:: Material provided ::
○ ○ ○
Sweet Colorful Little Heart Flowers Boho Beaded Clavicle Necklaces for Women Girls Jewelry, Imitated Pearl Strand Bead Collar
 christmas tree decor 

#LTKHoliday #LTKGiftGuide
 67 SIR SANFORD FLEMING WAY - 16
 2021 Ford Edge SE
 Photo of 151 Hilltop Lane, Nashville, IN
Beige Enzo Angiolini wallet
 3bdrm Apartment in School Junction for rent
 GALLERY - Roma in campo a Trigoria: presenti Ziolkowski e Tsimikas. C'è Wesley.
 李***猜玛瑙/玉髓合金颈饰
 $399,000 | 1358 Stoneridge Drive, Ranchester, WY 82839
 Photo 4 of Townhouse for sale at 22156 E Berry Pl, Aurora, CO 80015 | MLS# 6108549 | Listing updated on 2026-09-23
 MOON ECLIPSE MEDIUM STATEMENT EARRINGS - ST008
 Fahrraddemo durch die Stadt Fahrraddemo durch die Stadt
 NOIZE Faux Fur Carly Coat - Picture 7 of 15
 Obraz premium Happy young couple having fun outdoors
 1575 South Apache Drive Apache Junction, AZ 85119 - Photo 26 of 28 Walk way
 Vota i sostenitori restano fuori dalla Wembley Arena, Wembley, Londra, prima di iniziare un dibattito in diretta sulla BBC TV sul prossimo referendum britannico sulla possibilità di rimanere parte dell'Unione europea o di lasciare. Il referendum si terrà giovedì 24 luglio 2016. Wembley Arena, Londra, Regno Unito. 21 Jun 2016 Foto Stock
○ ○ ○
:: Work order ::
From the listing above, the lines starting with the one that has "Ranchester, WY 82839" and running through the one that has "1575 South Apache" should be copied exactly, ends included.

:: Exercise result ::
 $399,000 | 1358 Stoneridge Drive, Ranchester, WY 82839
 Photo 4 of Townhouse for sale at 22156 E Berry Pl, Aurora, CO 80015 | MLS# 6108549 | Listing updated on 2026-09-23
 MOON ECLIPSE MEDIUM STATEMENT EARRINGS - ST008
 Fahrraddemo durch die Stadt Fahrraddemo durch die Stadt
 NOIZE Faux Fur Carly Coat - Picture 7 of 15
 Obraz premium Happy young couple having fun outdoors
 1575 South Apache Drive Apache Junction, AZ 85119 - Photo 26 of 28 Walk way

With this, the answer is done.